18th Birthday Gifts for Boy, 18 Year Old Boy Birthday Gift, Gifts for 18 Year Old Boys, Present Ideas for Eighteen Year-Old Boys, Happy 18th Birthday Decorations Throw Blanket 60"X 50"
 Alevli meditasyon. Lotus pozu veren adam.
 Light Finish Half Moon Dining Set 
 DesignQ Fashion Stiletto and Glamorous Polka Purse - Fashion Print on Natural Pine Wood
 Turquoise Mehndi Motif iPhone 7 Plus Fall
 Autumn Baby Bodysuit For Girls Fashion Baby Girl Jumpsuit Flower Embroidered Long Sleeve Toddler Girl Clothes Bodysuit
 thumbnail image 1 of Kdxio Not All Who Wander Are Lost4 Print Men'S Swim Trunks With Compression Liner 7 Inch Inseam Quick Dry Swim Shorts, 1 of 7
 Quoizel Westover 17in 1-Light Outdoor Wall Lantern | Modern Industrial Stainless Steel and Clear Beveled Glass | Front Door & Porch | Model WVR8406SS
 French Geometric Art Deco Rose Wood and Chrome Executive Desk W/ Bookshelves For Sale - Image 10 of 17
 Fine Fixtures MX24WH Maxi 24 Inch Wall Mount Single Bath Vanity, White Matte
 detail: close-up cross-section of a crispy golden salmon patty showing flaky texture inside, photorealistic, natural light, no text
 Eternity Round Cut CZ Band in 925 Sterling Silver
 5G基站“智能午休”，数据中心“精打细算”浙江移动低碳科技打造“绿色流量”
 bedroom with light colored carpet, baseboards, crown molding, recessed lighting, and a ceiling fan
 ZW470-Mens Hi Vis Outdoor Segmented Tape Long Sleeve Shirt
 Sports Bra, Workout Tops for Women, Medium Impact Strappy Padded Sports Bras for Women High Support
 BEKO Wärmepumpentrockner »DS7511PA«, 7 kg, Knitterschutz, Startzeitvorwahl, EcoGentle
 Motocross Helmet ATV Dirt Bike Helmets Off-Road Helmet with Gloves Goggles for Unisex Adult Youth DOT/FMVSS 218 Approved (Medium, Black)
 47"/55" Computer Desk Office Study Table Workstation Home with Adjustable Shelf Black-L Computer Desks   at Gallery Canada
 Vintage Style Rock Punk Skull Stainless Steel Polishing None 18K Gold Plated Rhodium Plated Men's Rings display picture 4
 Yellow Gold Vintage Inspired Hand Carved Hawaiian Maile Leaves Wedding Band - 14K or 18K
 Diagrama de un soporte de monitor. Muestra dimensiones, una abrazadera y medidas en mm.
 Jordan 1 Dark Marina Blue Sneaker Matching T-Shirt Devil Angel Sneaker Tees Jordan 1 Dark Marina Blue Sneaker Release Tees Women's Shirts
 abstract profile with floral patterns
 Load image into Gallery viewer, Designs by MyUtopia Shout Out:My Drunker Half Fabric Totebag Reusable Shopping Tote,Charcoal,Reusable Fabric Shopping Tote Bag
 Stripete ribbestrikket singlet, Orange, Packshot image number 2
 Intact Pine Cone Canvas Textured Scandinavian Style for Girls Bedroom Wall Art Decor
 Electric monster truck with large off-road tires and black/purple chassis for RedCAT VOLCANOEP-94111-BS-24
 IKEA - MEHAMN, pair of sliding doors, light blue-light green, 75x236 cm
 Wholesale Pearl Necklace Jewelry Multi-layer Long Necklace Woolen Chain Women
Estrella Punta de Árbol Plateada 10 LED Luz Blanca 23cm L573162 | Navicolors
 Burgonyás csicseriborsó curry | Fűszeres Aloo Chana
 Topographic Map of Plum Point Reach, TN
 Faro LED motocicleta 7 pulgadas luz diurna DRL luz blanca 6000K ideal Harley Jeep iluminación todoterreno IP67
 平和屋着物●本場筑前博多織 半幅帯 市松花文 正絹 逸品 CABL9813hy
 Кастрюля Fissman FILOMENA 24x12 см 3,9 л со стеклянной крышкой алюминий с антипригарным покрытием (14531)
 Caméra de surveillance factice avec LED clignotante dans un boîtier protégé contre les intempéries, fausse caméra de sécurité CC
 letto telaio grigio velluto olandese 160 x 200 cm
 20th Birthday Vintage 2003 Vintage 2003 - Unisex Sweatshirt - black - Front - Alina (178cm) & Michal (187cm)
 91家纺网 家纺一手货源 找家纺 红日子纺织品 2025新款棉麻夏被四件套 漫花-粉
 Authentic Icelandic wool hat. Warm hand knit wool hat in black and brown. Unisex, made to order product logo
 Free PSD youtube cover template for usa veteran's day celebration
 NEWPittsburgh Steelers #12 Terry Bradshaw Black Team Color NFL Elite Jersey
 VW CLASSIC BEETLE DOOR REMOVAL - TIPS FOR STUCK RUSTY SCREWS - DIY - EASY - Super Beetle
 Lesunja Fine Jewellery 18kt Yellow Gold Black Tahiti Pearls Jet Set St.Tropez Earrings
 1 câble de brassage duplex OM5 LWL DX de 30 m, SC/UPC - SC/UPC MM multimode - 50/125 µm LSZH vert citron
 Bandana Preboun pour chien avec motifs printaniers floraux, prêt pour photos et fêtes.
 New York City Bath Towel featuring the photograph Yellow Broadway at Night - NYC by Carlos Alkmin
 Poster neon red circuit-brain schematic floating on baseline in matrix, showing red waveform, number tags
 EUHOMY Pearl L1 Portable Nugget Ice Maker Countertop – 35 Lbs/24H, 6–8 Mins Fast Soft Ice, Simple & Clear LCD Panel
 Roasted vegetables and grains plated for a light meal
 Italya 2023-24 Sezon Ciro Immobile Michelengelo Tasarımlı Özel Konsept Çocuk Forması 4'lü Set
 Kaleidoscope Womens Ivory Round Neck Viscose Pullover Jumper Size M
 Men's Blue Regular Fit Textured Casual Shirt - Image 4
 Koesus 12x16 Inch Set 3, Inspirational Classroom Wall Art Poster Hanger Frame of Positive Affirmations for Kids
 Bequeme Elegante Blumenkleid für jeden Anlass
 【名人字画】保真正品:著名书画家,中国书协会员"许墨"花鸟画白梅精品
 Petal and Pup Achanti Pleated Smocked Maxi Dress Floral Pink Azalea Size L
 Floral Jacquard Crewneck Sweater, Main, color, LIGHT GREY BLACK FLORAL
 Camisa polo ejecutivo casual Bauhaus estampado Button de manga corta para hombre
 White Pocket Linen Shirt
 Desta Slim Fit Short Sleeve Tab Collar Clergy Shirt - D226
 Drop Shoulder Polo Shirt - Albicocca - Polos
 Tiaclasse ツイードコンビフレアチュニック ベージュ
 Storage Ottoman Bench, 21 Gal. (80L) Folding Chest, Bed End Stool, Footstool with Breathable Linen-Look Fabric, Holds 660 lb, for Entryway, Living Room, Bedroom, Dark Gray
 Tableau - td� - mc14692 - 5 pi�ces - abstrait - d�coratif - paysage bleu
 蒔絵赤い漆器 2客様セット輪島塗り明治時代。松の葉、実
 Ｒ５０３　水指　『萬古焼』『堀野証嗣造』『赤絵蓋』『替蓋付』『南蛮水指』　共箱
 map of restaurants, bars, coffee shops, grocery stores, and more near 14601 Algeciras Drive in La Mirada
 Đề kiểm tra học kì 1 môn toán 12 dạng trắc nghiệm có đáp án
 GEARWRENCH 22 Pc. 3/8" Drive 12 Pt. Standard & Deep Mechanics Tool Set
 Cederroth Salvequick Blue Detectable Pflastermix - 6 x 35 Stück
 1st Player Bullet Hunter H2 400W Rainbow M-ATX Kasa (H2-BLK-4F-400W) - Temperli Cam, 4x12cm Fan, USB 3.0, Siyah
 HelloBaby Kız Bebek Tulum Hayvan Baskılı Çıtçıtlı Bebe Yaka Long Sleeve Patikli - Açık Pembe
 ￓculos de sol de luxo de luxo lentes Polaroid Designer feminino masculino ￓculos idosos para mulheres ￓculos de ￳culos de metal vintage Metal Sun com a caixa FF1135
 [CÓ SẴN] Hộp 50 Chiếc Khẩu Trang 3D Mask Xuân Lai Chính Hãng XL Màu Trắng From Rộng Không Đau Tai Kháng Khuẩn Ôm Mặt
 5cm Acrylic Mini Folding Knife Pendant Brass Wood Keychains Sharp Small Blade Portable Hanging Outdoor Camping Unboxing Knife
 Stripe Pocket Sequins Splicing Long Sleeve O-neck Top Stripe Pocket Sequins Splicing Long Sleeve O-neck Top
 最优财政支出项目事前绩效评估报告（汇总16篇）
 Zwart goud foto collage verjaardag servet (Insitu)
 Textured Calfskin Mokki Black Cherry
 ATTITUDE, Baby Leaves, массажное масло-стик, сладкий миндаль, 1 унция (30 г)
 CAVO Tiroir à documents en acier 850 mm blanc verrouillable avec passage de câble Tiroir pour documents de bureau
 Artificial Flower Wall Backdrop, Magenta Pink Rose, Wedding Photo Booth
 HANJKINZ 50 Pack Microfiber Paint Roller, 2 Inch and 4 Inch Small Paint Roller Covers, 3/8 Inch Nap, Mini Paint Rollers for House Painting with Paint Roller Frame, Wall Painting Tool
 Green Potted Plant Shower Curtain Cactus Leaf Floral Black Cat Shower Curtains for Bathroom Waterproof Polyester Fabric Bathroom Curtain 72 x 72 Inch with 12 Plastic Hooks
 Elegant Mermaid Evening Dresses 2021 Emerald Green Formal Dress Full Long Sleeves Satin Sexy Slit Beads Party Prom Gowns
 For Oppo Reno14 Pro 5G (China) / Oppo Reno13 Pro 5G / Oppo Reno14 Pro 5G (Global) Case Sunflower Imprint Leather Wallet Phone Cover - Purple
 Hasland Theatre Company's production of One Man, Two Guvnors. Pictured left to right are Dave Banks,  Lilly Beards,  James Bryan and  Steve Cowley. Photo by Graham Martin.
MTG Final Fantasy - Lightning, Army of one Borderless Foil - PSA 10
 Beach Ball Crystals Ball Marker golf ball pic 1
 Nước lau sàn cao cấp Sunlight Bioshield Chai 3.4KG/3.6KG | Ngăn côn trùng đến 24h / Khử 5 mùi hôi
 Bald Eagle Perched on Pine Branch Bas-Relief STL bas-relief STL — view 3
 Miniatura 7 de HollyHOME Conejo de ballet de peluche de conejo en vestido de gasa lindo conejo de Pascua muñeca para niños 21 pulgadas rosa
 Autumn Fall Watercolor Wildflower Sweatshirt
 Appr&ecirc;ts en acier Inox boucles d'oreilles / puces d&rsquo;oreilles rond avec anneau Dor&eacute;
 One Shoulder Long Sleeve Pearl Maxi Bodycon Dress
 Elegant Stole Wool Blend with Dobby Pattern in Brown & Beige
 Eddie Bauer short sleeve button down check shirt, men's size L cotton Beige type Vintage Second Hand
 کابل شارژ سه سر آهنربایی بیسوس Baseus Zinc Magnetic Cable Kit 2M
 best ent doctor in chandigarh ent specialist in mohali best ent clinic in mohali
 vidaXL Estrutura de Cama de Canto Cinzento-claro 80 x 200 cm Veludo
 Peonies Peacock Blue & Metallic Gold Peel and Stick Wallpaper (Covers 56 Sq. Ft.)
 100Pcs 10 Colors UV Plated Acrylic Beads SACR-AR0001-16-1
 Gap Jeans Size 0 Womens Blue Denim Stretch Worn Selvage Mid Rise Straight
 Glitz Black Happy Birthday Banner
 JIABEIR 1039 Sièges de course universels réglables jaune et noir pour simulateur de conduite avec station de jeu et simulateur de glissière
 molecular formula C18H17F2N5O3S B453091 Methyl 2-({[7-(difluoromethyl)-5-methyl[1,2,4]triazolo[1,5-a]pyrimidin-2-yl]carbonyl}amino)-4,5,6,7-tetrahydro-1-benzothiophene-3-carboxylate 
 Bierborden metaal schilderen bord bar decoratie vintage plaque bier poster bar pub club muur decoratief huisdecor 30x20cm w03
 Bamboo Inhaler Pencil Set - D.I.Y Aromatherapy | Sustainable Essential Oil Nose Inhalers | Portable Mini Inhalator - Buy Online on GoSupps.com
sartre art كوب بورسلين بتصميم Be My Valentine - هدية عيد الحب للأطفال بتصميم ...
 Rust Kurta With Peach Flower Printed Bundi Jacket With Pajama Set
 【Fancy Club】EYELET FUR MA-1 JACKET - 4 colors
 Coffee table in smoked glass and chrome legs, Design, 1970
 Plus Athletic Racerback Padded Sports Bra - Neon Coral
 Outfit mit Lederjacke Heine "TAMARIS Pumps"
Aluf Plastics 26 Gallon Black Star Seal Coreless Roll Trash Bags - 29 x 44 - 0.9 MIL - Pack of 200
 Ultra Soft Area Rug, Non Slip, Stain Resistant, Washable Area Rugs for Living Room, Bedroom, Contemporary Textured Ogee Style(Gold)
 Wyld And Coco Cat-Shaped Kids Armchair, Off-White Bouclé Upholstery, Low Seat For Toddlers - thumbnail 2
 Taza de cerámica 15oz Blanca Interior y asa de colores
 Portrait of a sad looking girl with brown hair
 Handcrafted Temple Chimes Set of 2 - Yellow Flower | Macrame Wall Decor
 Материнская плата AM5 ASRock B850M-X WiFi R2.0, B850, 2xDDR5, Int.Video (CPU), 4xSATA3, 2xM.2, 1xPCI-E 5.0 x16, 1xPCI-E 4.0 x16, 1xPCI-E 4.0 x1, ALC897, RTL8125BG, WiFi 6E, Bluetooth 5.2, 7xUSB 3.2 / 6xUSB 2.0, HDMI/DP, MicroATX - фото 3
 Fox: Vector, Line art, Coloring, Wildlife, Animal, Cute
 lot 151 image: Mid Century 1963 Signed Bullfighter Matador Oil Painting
====
**WHAT YOU ARE ASKED TO DO**
The expected answer is a number and nothing else: how many lines above include the word "Frame".

**ANSWER TO THIS TASK**
2